When we need to perform maintenance on a physical server (e.g., kernel update, hardware upgrade), we shouldn’t just shut it down. we must first tell Swarm to migrate the tasks to other nodes.

Set node to Drain mode:

Terminal window
docker node update --availability drain node4

Swarm will immediately stop tasks on node4 and reschedule them on other active nodes.

Perform maintenance & Reboot.

Set node back to Active mode:

Terminal window
docker node update --availability active node4

Note: Swarm won’t automatically move old tasks back. New tasks or service updates will now consider this node again.

When a service is slow, use these tools to identify the bottleneck:

  • docker stats: Real-time stream of CPU, memory, and network usage for all containers on the local host.
  • docker service ps --filter "desired-state=shutdown" <service>: Helps finding why a service is constantly restarting (Crash looping).
  • docker service inspect --pretty <service>: Check if a service is hitting its resources.limits. If a container hits its memory limit, Docker will OOM-Kill (Out Of Memory) it.

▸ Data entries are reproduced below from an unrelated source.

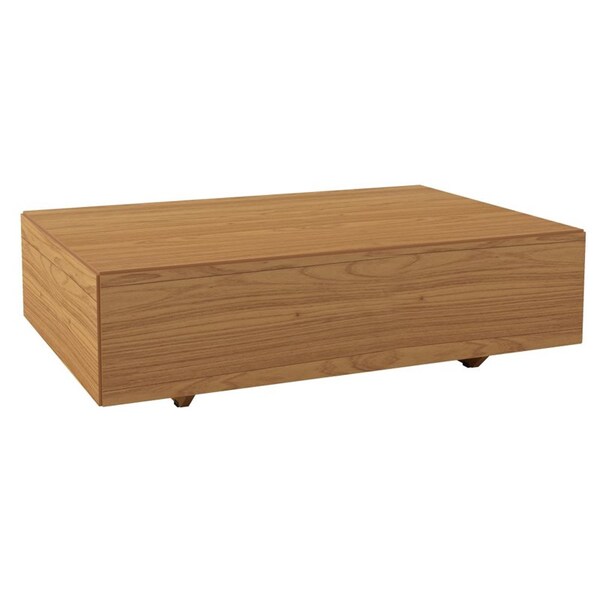 Mesa De Centro Tb61 Com 91 Cm Freijó - Dalla Costa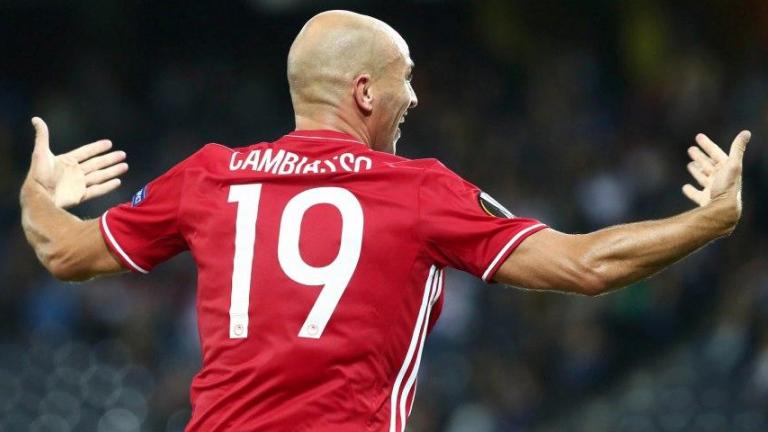 Σπουδαία νίκη για Ολυμπιακό, 0-1 την Γιούνγκ Μπόις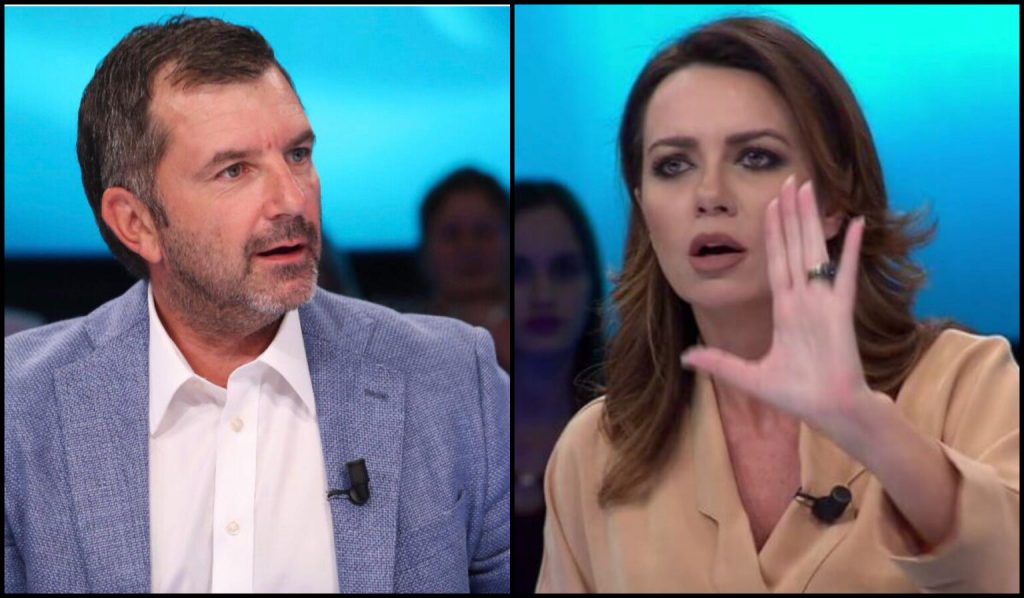 Debati/ Bushati: Ambasada e SHBA tallet me ju, i dorëzuat Ramës, kufomën e Berishës! Duma: I kemi partnerë ambasadat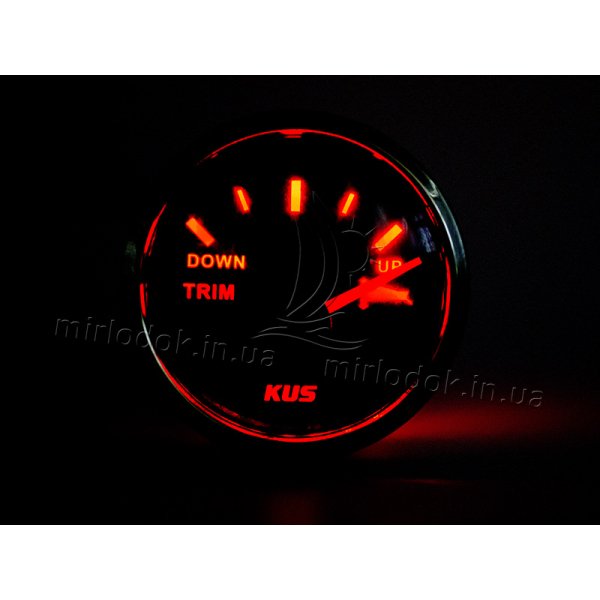 Покажчик трима Wema (Kus) K-Y09205 чорний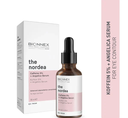 BIONNEX/ The Nordea Caffeine 5% Serum 30ml : سيروم بيونيكس  نورديا كافيين 5% مع أنجيليكا للعناية بمحيط العين 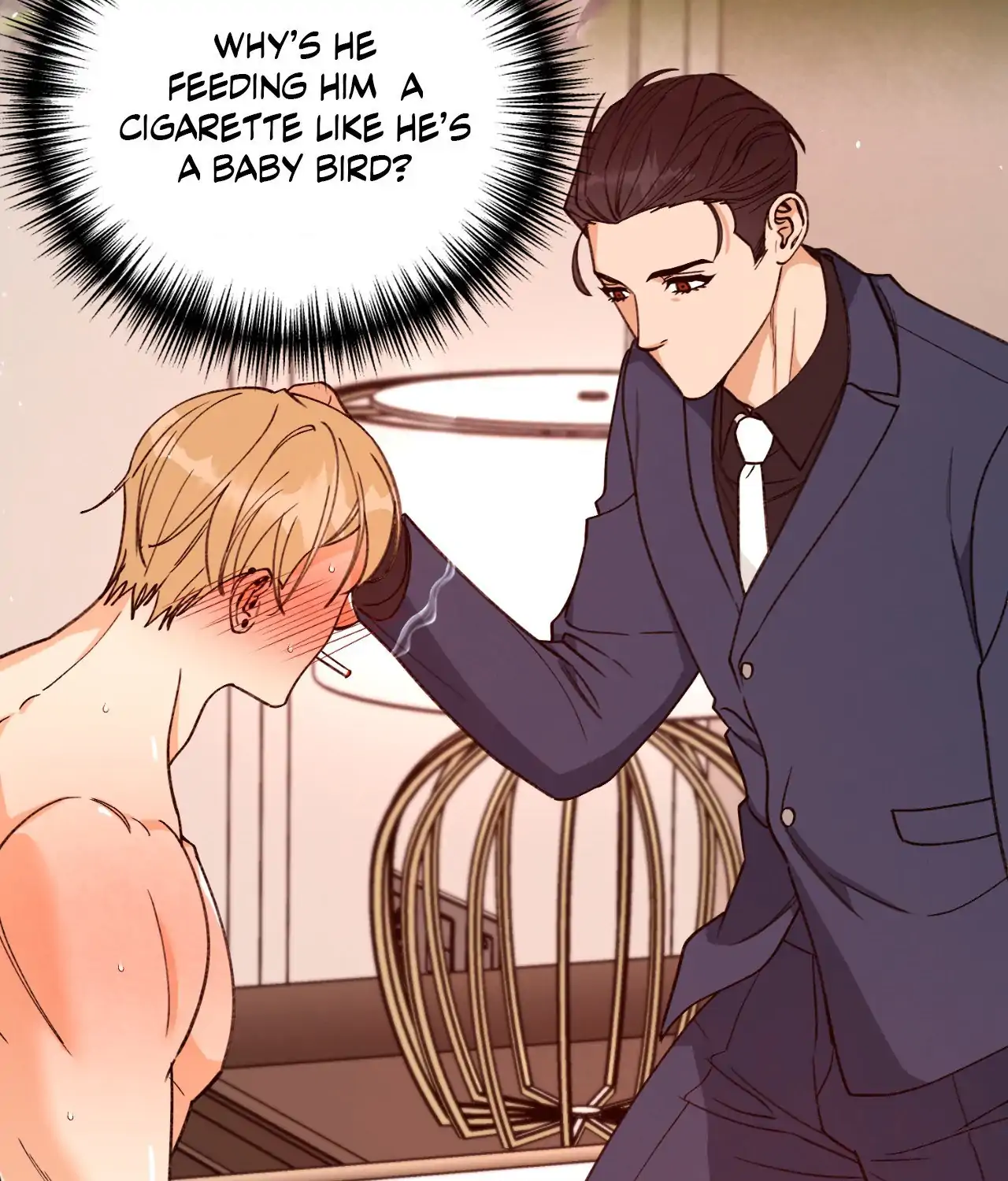 Dreaminess [Official] - Chapter 37 manhwa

If a service in Swarm isn’t working:

  1. Check Service Status: docker service ls (Look for 0/3 replicas).
  2. Locate the Error: docker service ps <service_name> (Look for the ERROR column).
  3. Inspect Logs: docker service logs -f <service_name>.
  4. Check Daemon Health: docker system events --since 30m (See what the engine has been doing recently).